Cette attitude n'est pas digne de la Suisse. Elle n'est pas digne de notre tradition de neutralité, d'ouverture et de paix. Elle tourne le dos à toute tentative intellectuelle d'établir une politique arabe de la Suisse, comme elle a pu exister, et avec quelle vivacité, à l'époque du Secrétaire d'Etat Brunner, que j'ai eu maintes fois, à Berne et à Paris, l'honneur de rencontrer et d'interviewer. C'était l'époque où la Suisse était écoutée et respectée, en Israël certes, mais aussi chez les Palestiniens, dans toutes leurs composantes, en Jordanie, en Syrie, en Égypte, et aussi dans le monde persan, en Iran.

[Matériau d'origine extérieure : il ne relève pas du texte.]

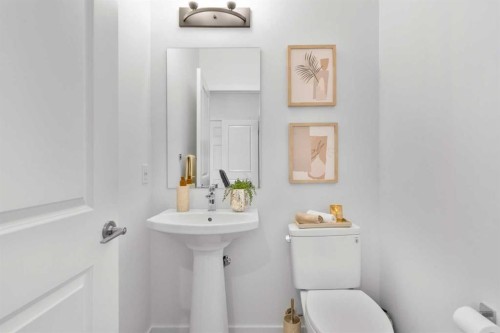 313 Ambleton Drive Nw, Calgary, AB - Indoor Photo Showing Bathroom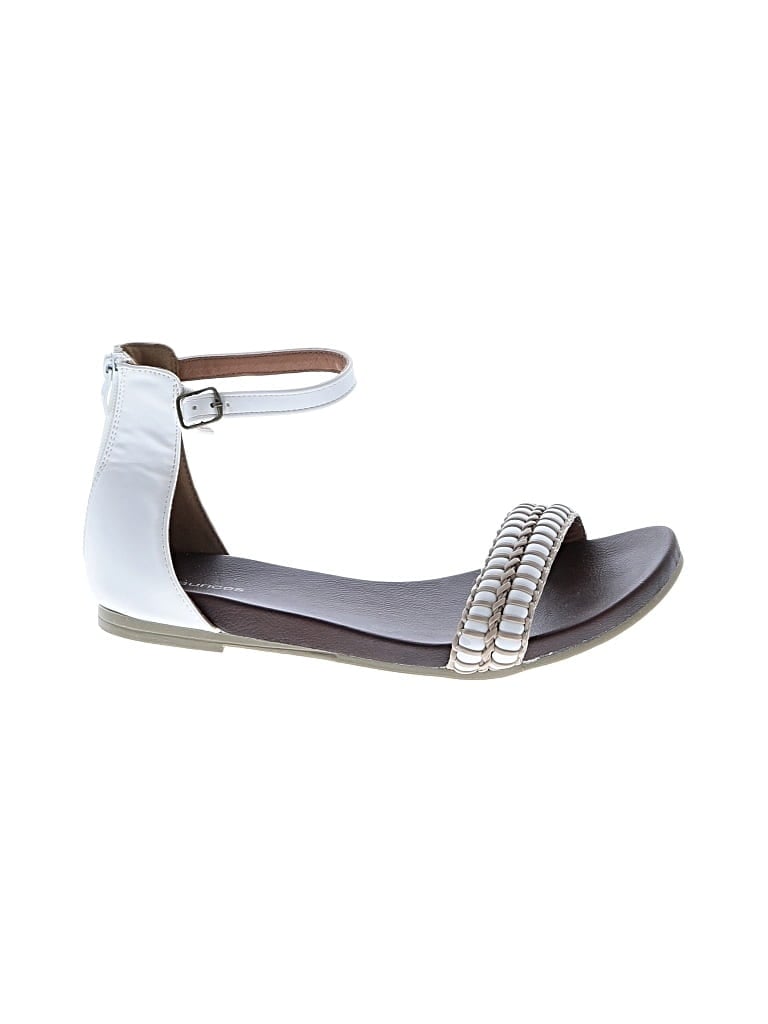 Pre-owned Maurices Sandals In White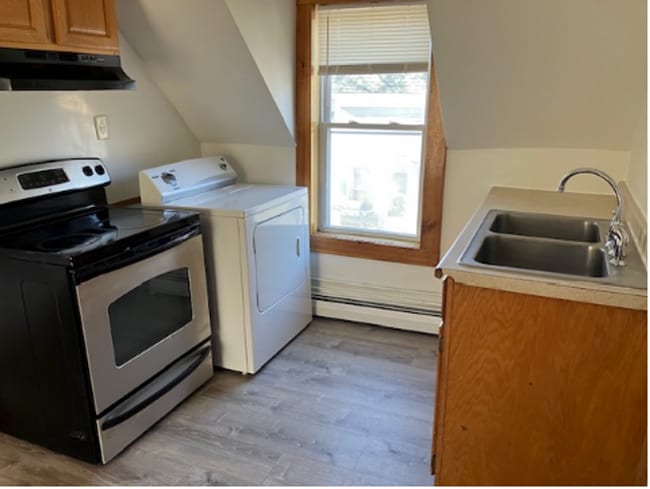 Photo - 141 Spruce St Unidad 2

C'était l'époque où nos diplomates, et jusqu'à des conseillers de pointe du pouvoir, parlaient arabe, voire persan, connaissaient l'Orient compliqué, en identifiaient les factions rivales, les enjeux politiques et historiques. Ils étaient capables, ces gens-là, de parler du monde arabo-persan avec un autre recul, une autre culture, que ceux qui, aujourd'hui, nous le présentent comme une masse informe, homogène, où ne régneraient que la théocratie et la dictature, pourtant contestées de l'intérieur par les plus beaux esprits de la pensée et des lettres arabophones.
M. Cassis fait régner l'ignorance. Son favoritisme pour Israël, qui massacre à Gaza, sa méconnaissance du monde arabe, des nécessités profondes du peuple palestinien, ne sont pas à la hauteur de la mission de paix, de dialogue et d'écoute de notre pays.
M. Cassis n'est pas l'homme de la situation comme ministre des Affaires étrangères.